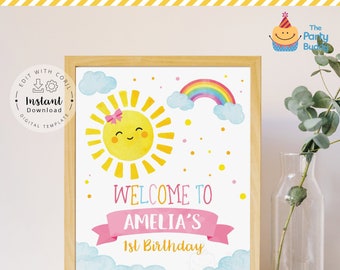 May include: A printable welcome sign for a first birthday party. The sign features a cartoon sun with a pink bow, a rainbow, and clouds. The text reads "Welcome to Amelia's 1st Birthday".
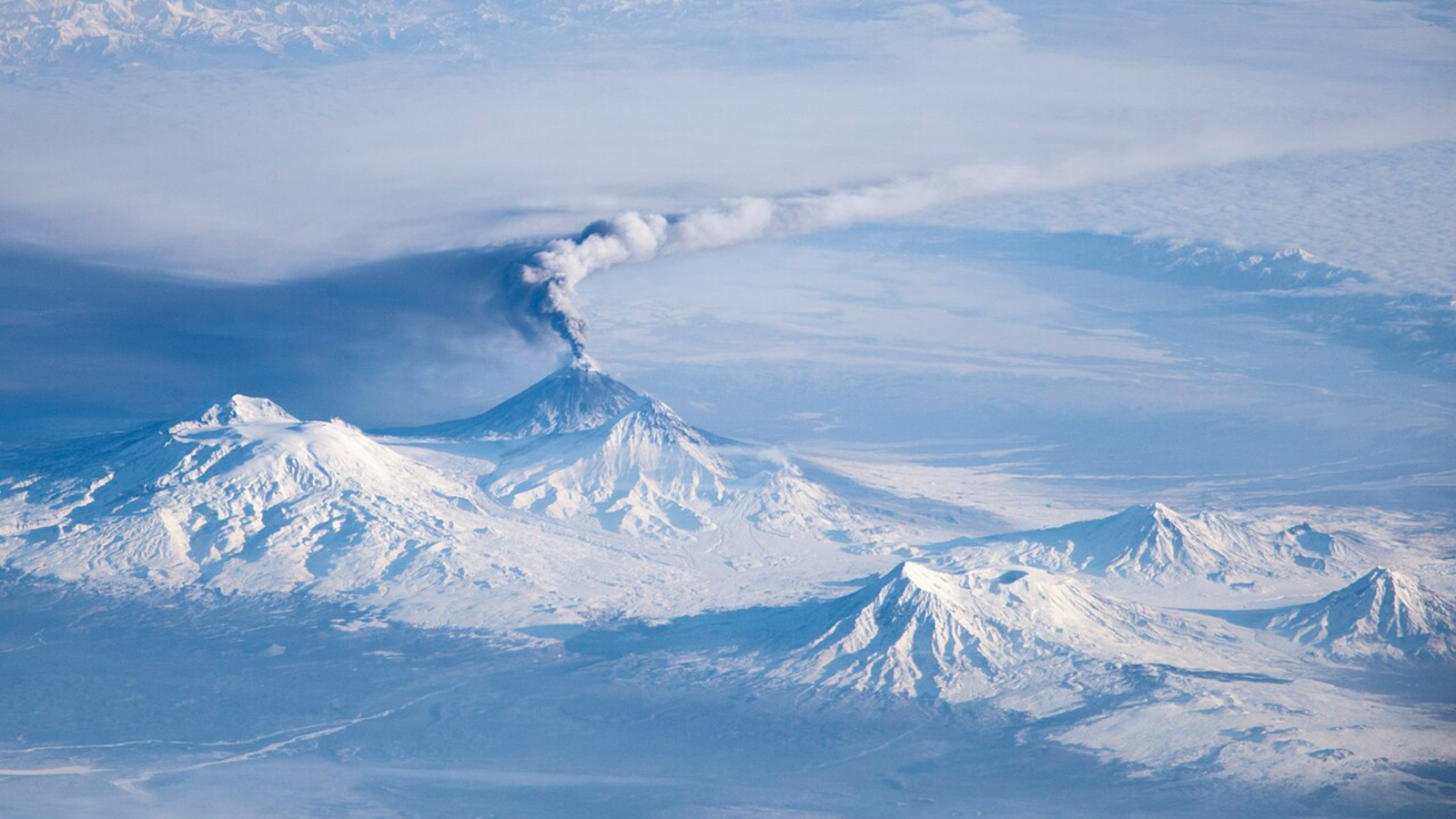 A photo of multiple snow covered volcanoes with an eruption plume coming from one of the peaks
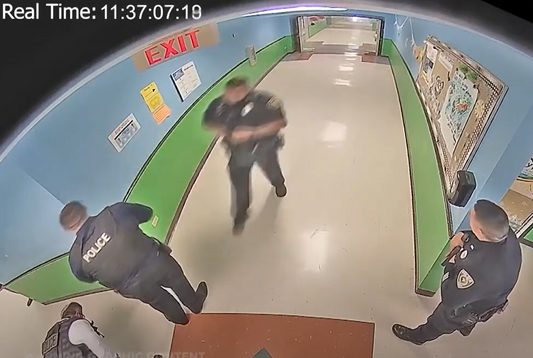 Four armed police officers in the Uvalde school hallways during an active shooter situation.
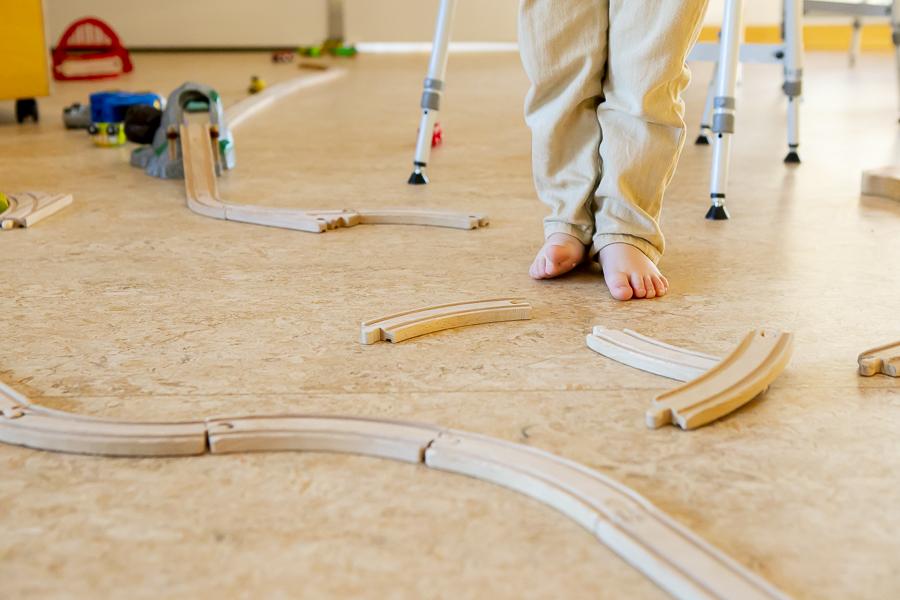A toy car track on the floor at Blásalir.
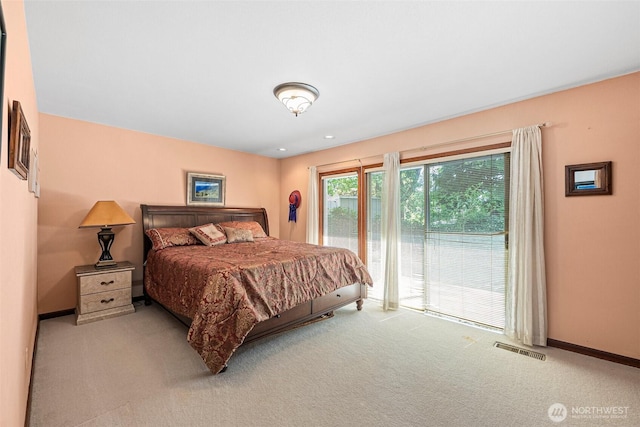9138 Edgewater Dr SW, Lakewood, WA 98499 - carpeted bedroom featuring access to outside and baseboards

§

What you have to do
Give back exactly, and solely, the section of the data above bounded by the line containing "A photo of multiple" and the line containing "A toy car track on the floor at Blásalir.", both bounding lines included and pictures omitted.

Answer to this problem
 A photo of multiple snow covered volcanoes with an eruption plume coming from one of the peaks
 Four armed police officers in the Uvalde school hallways during an active shooter situation.
A toy car track on the floor at Blásalir.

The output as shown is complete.